I recently walked into a packed yoga class (mat to mat) with my favorite teacher a few minutes after he started, so the practitioners were already flowing in and out of asanas (yoga postures). I hate being late and interrupting, but sometimes it happens due to scheduling conflicts and traffic.
Anyway, a student in the front made eye contact and waved me over to join the space next to her. She quietly moved her mat over so I could squeeze in between her and the gentleman on the other side. She was so friendly and welcoming! I hadn't seen her before, yet she acted like she expected me and had known me for years. She made me feel so welcome and loved.
The whole experience made me think of the classes I teach in downtown Fort Lauderdale. Often these classes are equally as packed, yet sometimes students don't budge. They act as though they have claimed their territory, like wolves fighting for survival in the wilderness. They sometimes don't want anyone nearby, especially if they have a “regular spot,” as though they’ve paid rent for that 3X6 ft space on the floor.
I hope most people are just unaware that anyone else walked into the room, but I know that’s not always the case. These territorial tendencies are common, yet they fly in the face of yoga teachings. In the Yoga Sutras, we learn about Aparigrapha (non-possessing) and the importance of simple acts of human kindness.

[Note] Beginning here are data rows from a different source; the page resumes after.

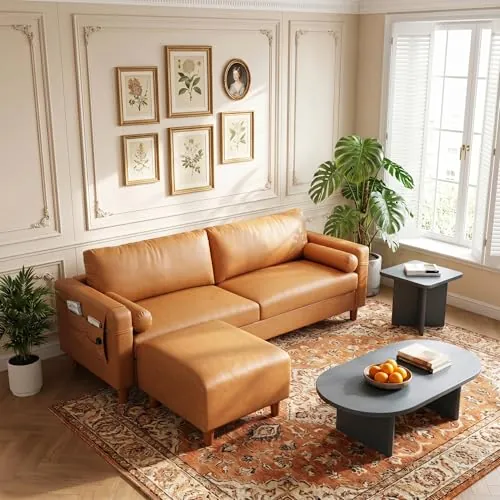 Vesgantti 100" L-Shaped Faux Leather Sectional Couch, 3 Seater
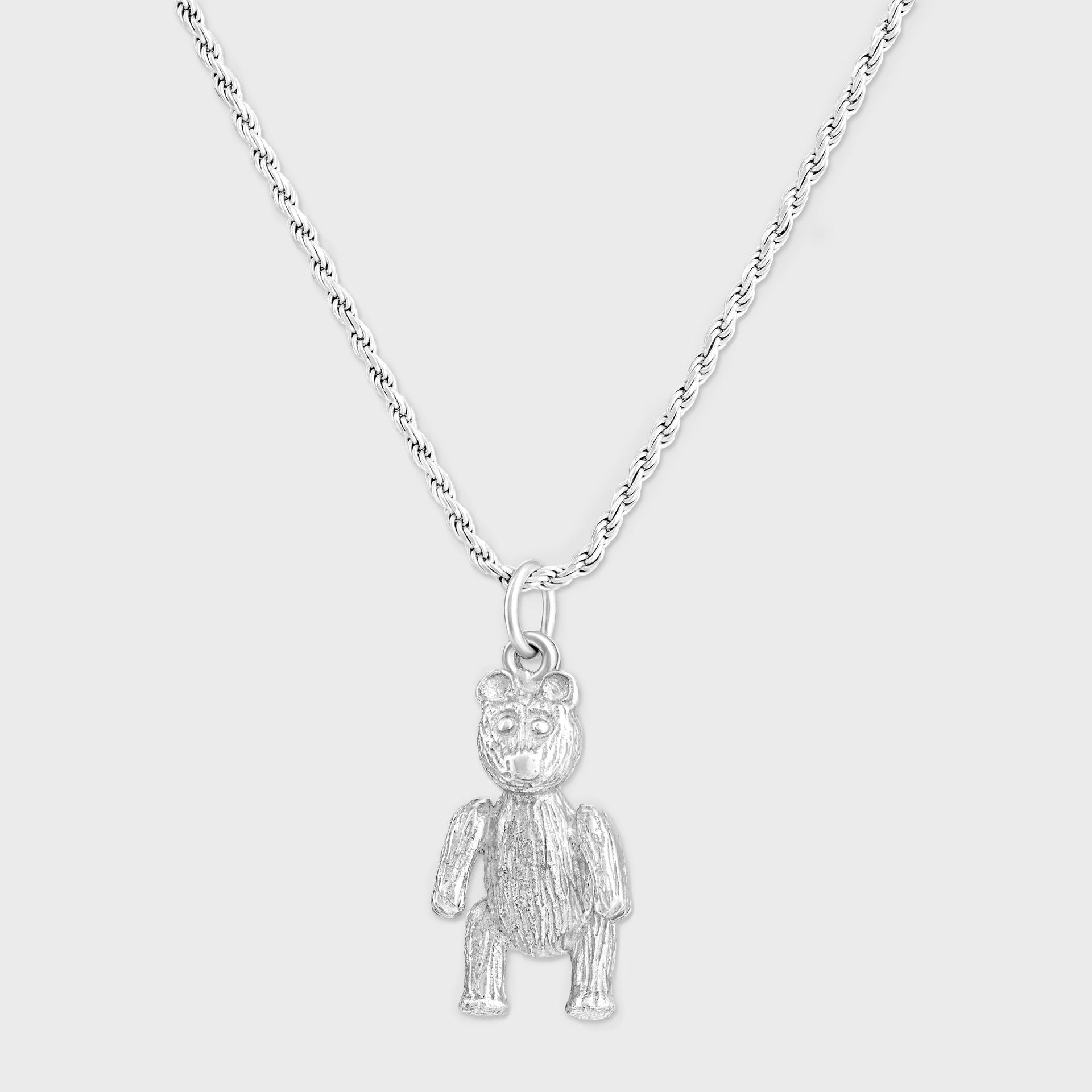 Bleue Burnham Teddy Bear Pendant Necklace - Silver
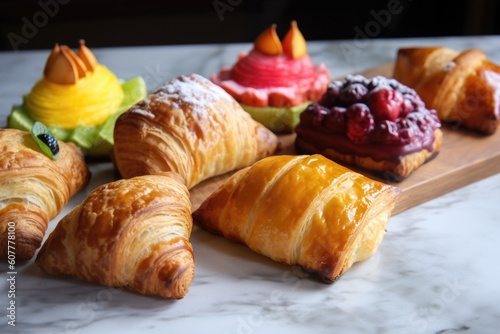 fun and playful take on flaky puff pastry pastries and turnovers, featuring whimsical shapes and colors, created with generative ai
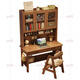 Guijiayuan all solid wood desk study table and chair desk bookcase integrated bookshelf living room desk computer bedroom writing table original white desk + back chair A length, width and height 120*60*195cm desktop thickness 2.2cm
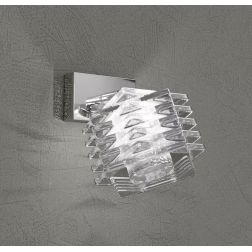 RUBIK PICCOLA APPLIQUE MODERNA IN CRISTALLO TRASPARENTE CON BASE CROMATA LAMPADINA G9 Top Light Illuminazione - Cristalensi Shop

I'm often guilty of thinking kindness is the same as not acting violent or angry toward anyone else. But in reality, I know that’s not enough. I need to do more, and so do you.
So, can you go out of our way to help a stranger? Can you be kind in rush hour traffic, hold the door for the people behind you, or make room for your fellow yogi in a packed class?
I hope we can all go above and beyond to help others feel loved, appreciated, and welcomed where ever we go!